What this task involves - Everything from the line containing "Uroczystości pod Pomnikiem Dobosza" through the final line of the entries must be repeated exactly, and only that, without pictures.

Task material -
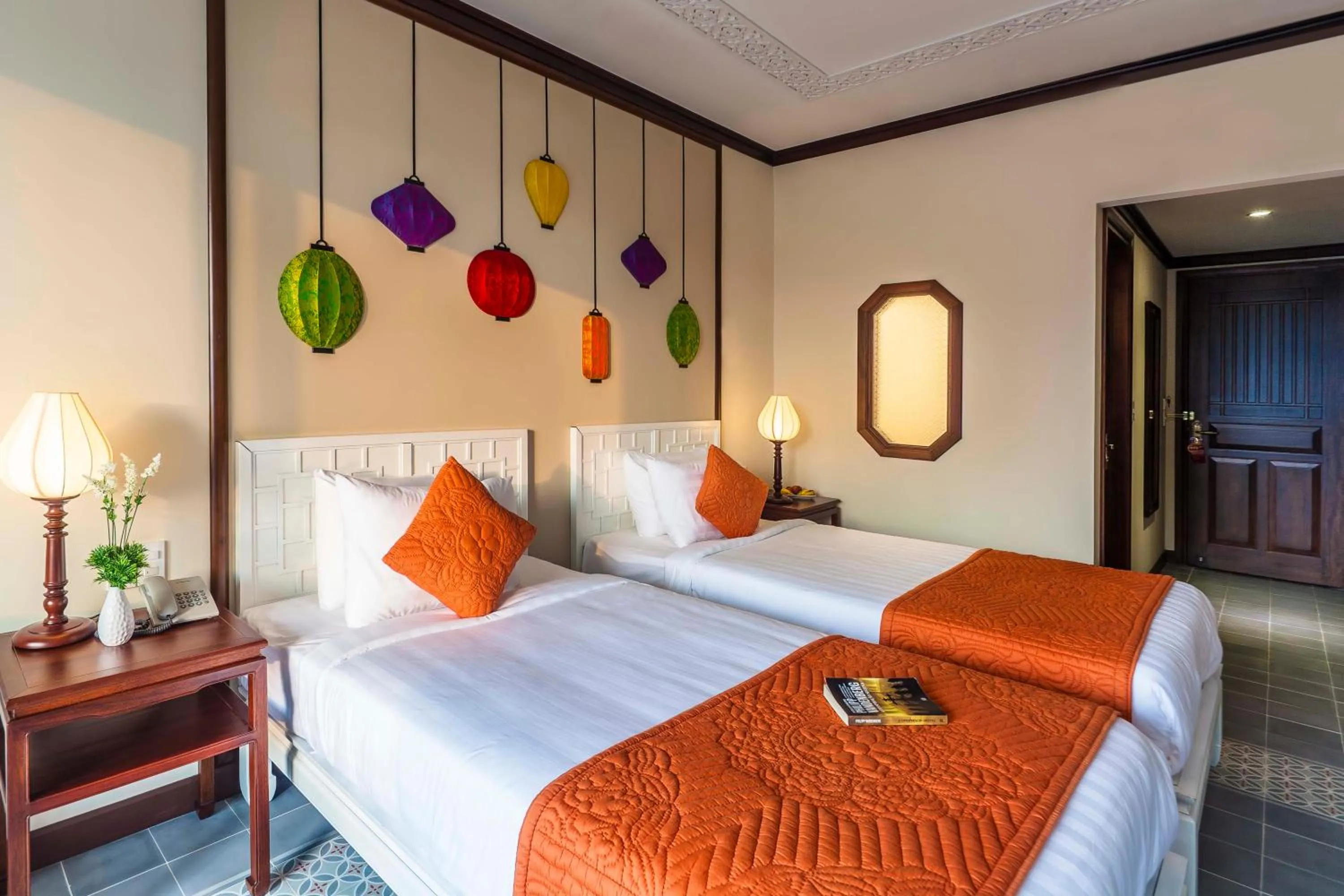 Bedroom in Cozy Hoian Villas Boutique Hotel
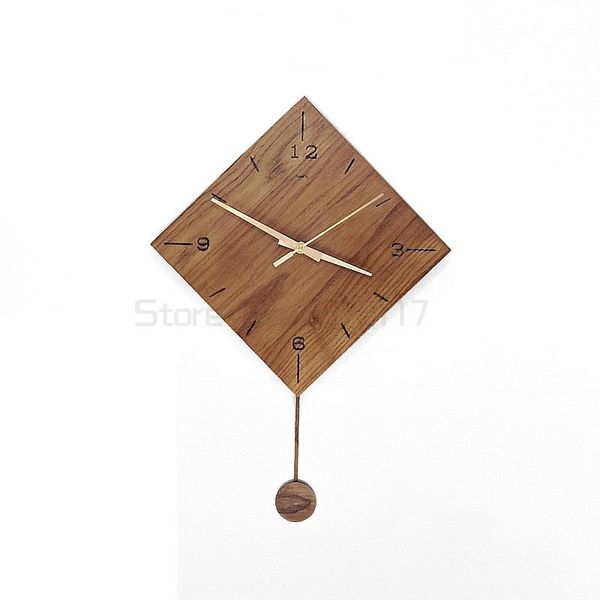 wall clocks wooden pendulum clock silent living room vintage creative watch single face zegar scienny home decoration by50wc
wall clocks wooden pendulum clock silent living room vintage creative watch single face zegar scienny home decoration by50wc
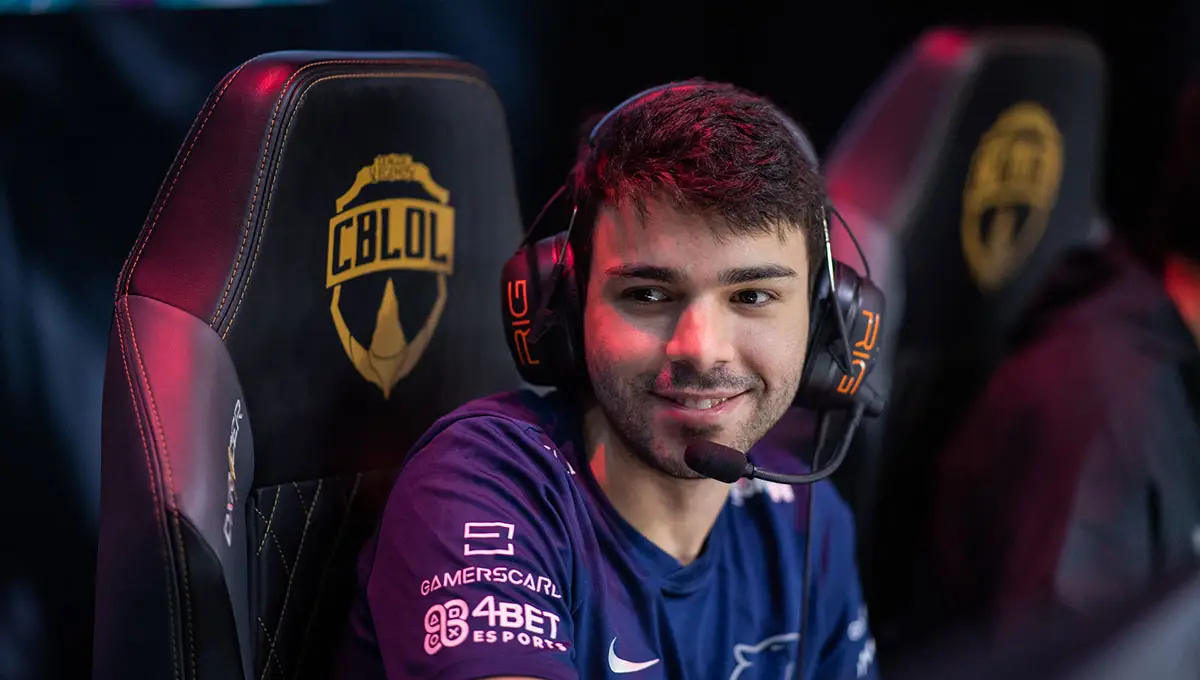LoL: Minerva anuncia pausa na sua carreira e está fora do primeiro split do CBLoL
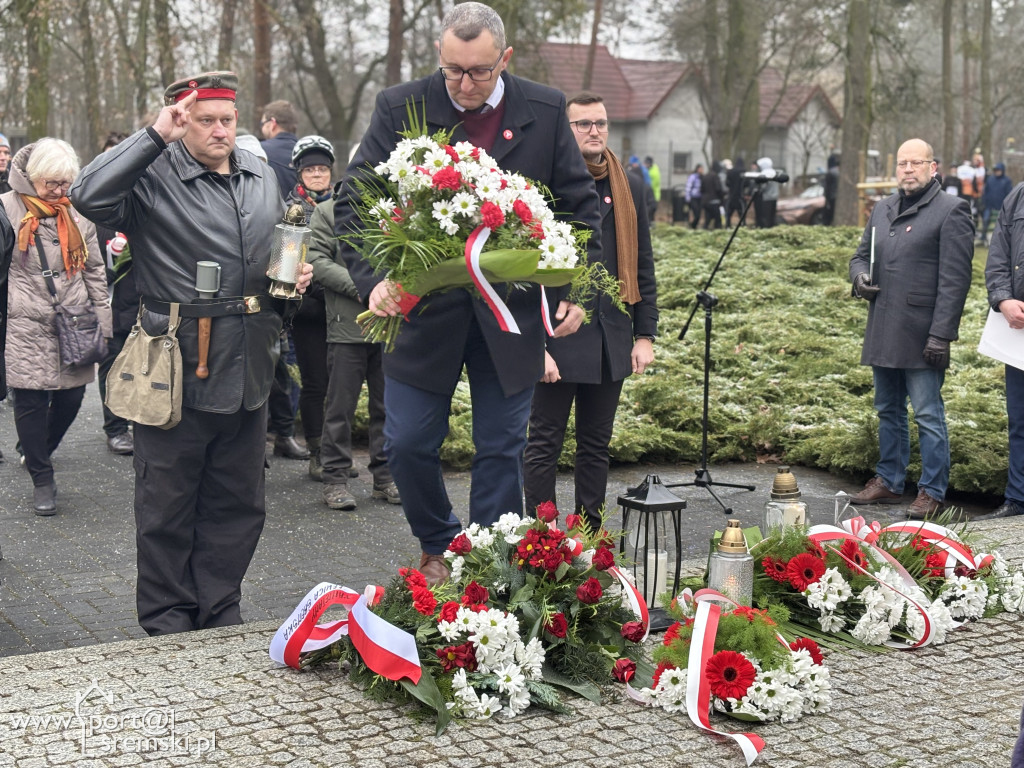 Uroczystości pod Pomnikiem Dobosza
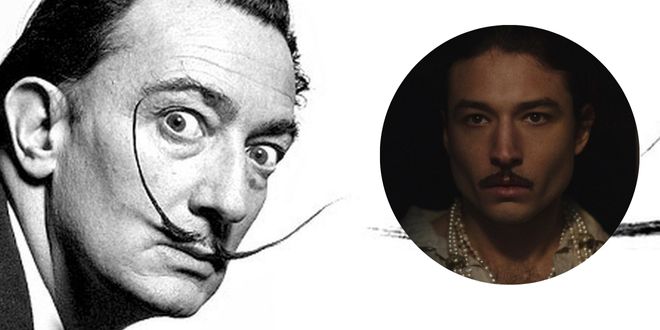 Salvador Dalí - Ezra Miller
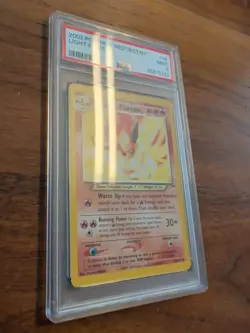 Pokemon Neo Destiny Light Flareon PSA 9 - Image 2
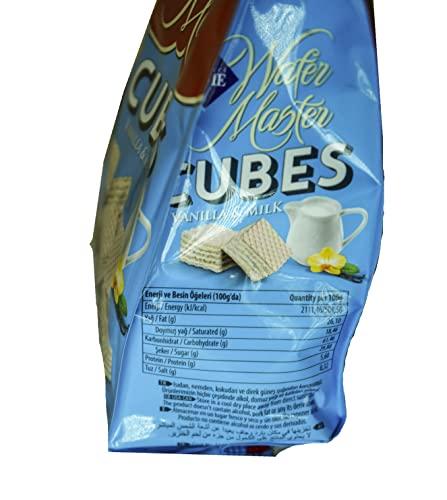 CIZMECI TIME CIZMECI TIME Vanilla & Milk Wafer Master Cubes, 200g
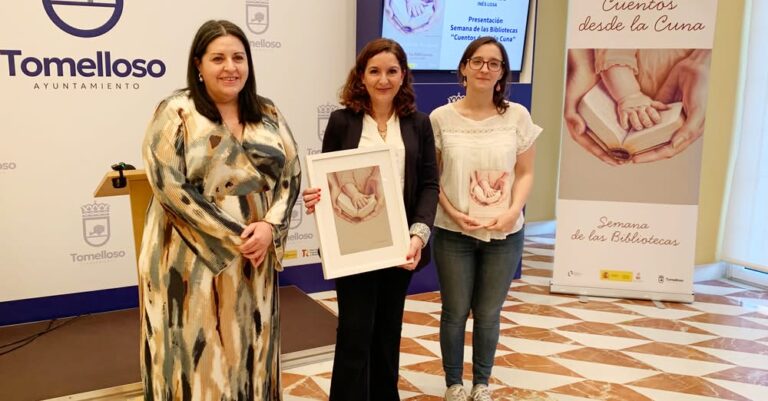Semana de las Bibliotecas para Niños en Tomelloso: “Cuentos desde la Cuna” según la Concejal de Cultura, Inés Losa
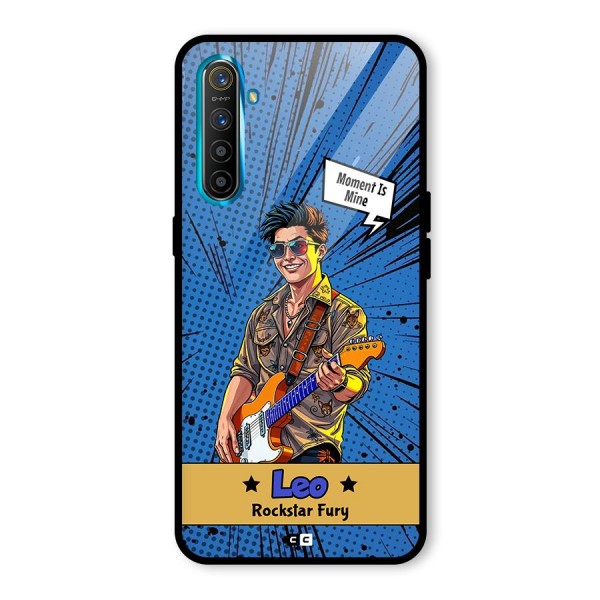 Rockstar Leo Glass Back Case for Realme X2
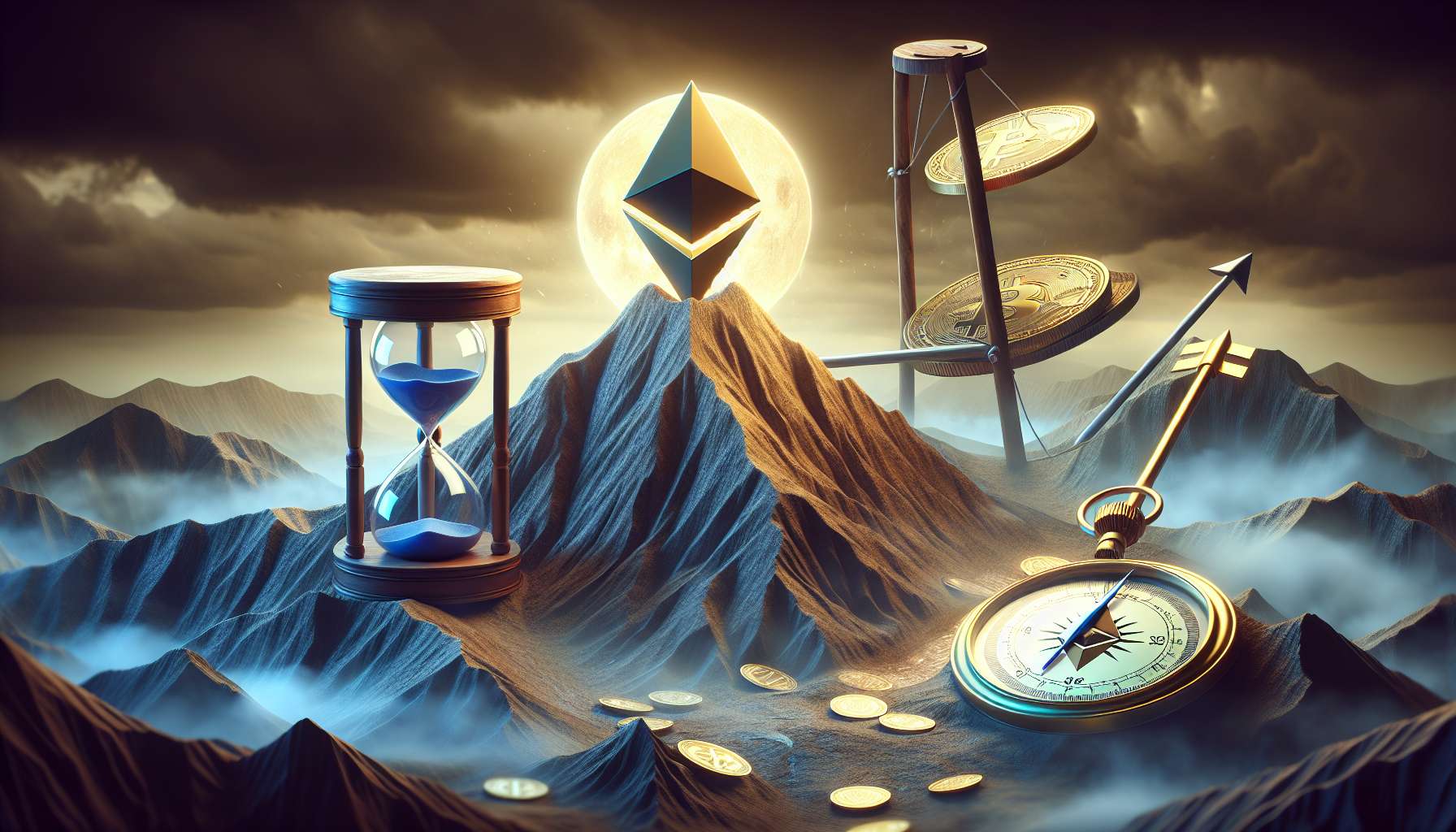 Acumulação recorde de Ethereum indica possível movimento no preço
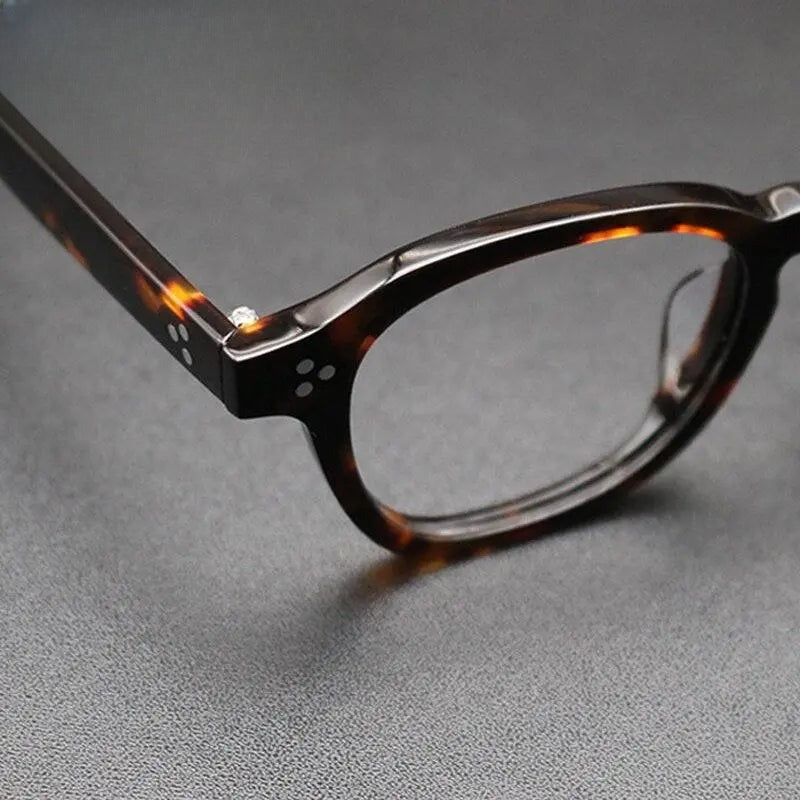 Unisex Square Full Rim Acetate Prescription Glasses Gxyj684 — view 10 | Rx Spectacle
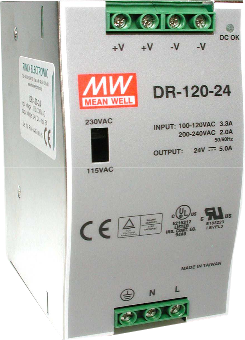 Alimentation din 24v dc à découpage  ri-dr-120-24_0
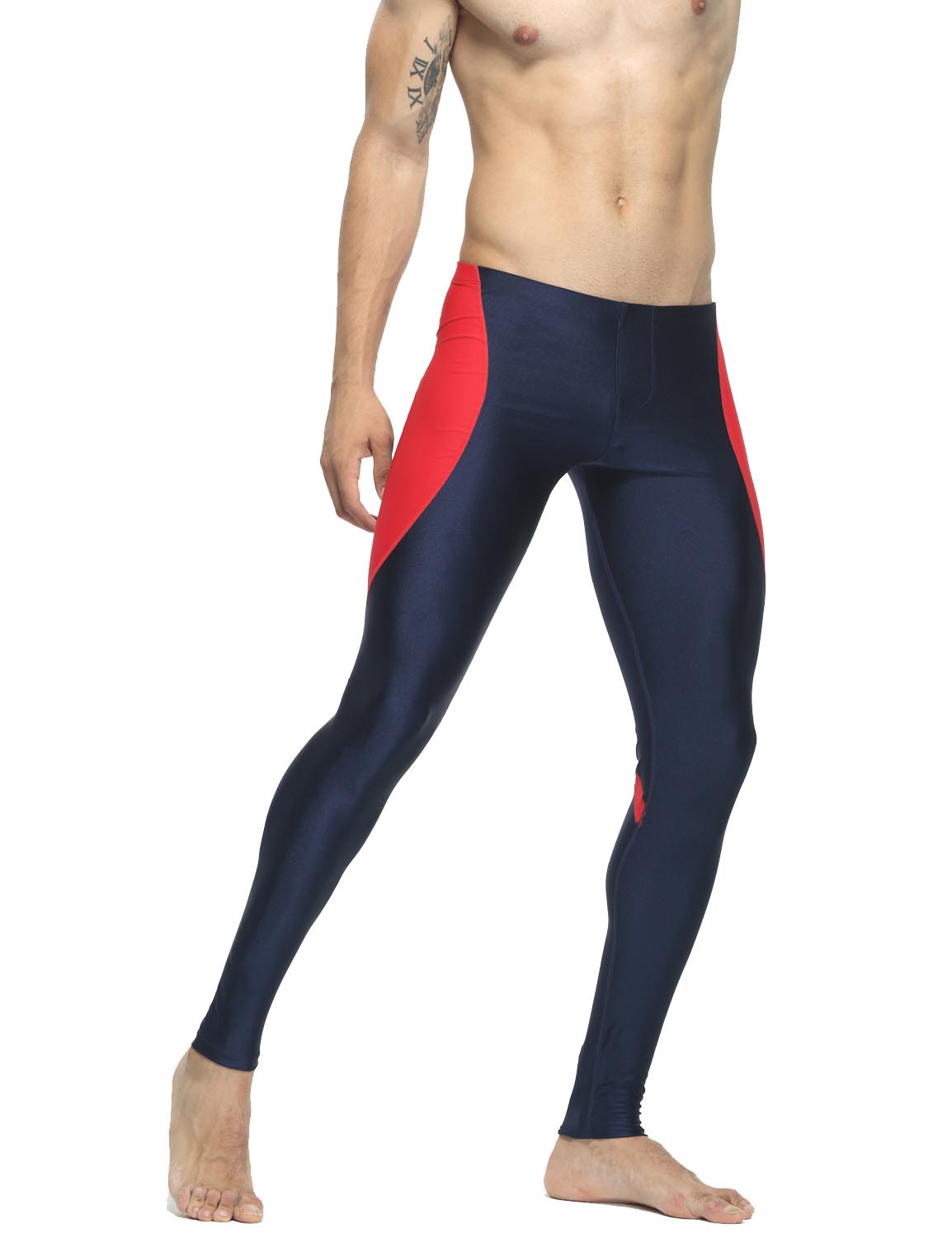 Sport Compression Shiny Tights Leggings 60612 | dmunderwear detail image 5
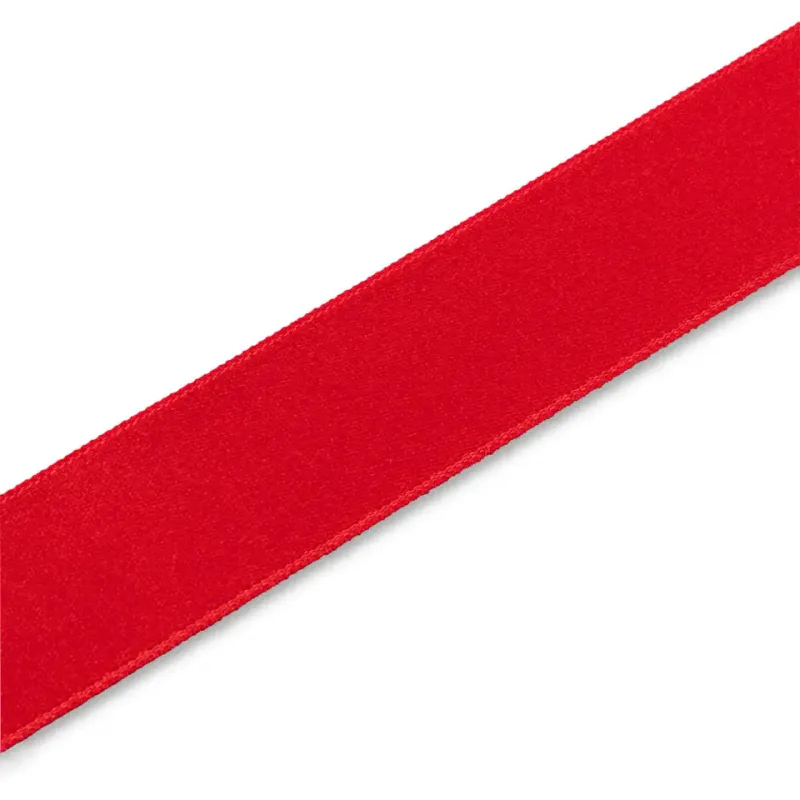 Satengbånd - rød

Written reply -
 Uroczystości pod Pomnikiem Dobosza
 Salvador Dalí - Ezra Miller
 Pokemon Neo Destiny Light Flareon PSA 9 - Image 2
 CIZMECI TIME CIZMECI TIME Vanilla & Milk Wafer Master Cubes, 200g
Semana de las Bibliotecas para Niños en Tomelloso: “Cuentos desde la Cuna” según la Concejal de Cultura, Inés Losa
 Rockstar Leo Glass Back Case for Realme X2
 Acumulação recorde de Ethereum indica possível movimento no preço
 Unisex Square Full Rim Acetate Prescription Glasses Gxyj684 — view 10 | Rx Spectacle
 Alimentation din 24v dc à découpage  ri-dr-120-24_0
 Sport Compression Shiny Tights Leggings 60612 | dmunderwear detail image 5
 Satengbånd - rød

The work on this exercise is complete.